Un murmullo recorrió la mesa. ¿ Quién se había atrevido a hablar de un sueño verdadero en muchas generaciones? ¿Y estando sentado a la mesa del rey?
—¿Cómo sabes que es un sueño verdadero? —preguntó Padre.
Era algo que Mon nunca había podido explicar a nadie, ni siquiera a sí mismo. No lo intentó ahora.
—Es un sueño verdadero —afirmó.
Otro susurro recorrió la mesa, y mientras algunos de los rostros impacientes adoptaban una expresión burlona, los rostros burlones se ponían serios.
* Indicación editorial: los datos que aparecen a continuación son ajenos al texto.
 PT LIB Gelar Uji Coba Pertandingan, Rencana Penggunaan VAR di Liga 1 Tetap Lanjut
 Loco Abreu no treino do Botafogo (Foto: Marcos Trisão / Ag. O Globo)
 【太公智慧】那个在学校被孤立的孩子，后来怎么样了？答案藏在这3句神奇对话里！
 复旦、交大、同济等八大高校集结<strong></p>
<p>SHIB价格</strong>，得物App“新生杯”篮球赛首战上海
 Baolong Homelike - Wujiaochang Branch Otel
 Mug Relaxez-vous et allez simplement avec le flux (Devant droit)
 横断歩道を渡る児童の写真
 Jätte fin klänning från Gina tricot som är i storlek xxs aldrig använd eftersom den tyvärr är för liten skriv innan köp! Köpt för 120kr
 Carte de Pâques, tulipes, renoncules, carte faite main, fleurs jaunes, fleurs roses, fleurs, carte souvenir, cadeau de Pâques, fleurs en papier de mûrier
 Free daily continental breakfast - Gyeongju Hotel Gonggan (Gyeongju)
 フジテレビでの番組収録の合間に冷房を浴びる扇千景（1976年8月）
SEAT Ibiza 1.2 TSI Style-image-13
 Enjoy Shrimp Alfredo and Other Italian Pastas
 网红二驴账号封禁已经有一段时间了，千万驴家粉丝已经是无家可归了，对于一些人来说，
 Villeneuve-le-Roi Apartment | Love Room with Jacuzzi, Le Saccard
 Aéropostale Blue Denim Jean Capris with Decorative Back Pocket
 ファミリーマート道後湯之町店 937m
—Al menos prestan atención —murmuró bGo. Padre habló de nuevo, consternado.
—Cuéntanos el sueño, pues, y por qué es objeto de un consejo de guerra.
—El mismo sueño se ha repetido varias noches —dijo Mon. Se cuidó de decir quién lo había soñado. Sabía que darían por sentado que era él, pero nadie se atrevería a llamarlo mentiroso—. Un niño y su hermana, de la edad de Ominer y Khimin, trabajan en los campos como esclavos, debilitados por el hambre, azotados por capataces que son gente del suelo.
Ahora había logrado llamar la atención. Cavadores con esclavos humanos. Eso exasperaba a todos, aunque sabían que sucedía de vez en cuando.
—En una ocasión el niño fue golpeado por niños humanos. Humanos que dominaban a los cavadores. El niño fue valiente y no lloró mientras lo humillaban. Actuó con dignidad.
Los soldados asintieron con un gesto de la cabeza. Entendían a qué se refería.
—De noche el niño, su hermana y sus padres yacían en silencio. Creo… creo que se les prohíbe hablar en voz alta. Pero pedían ayuda. Pedían que alguien los rescatara de la esclavitud.
Mon hizo una pausa, y en el silencio se oyó la voz de Monush.
—No dudo que este sueño sea verdadero; sabemos que muchos humanos y ángeles son esclavos entre los elemaki. ¿Pero qué podemos hacer? Consagramos todas nuestras fuerzas a proteger la libertad de nuestra gente.
—Pero Monush —dijo Mon—, ellos son nuestra gente. Los susurros se llenaron de exaltación.
—Dejad que mi hijo hable —pidió Padre. Los susurros cesaron.
Mon se sonrojó. Padre había admitido que él era su hijo, sí, y eso era bueno, pero no había usado la fórmula tradicional «Dejad que hable mi consejero», que habría significado que aceptaba totalmente lo que él decía. Aún estaba a prueba. Gracias a Edhadeya. Si esto sale mal, puedo quedar humillado de por vida. Se me conocerá como el segundogénito que dijo necedades impertinentes en un consejo de guerra.
—No hay gente del cielo entre ellos —dijo Mon—. ¿Quién ha oído hablar de un reino semejante? Son los zenifi, y nos piden auxilio.
Husu, el ángel que servía al rey como espía principal, al mando de cientos de fuertes y valientes ángeles que vigilaban continuamente las fronteras del reino, alzó el ala derecha, y Mon inclinó la cabeza para ofrecerle el oído del rey. Mon ya había visto hacerlo en el consejo, pero como él nunca había contado con el oído del rey, era la primera vez que participaba en los protocolos de la deliberación formal.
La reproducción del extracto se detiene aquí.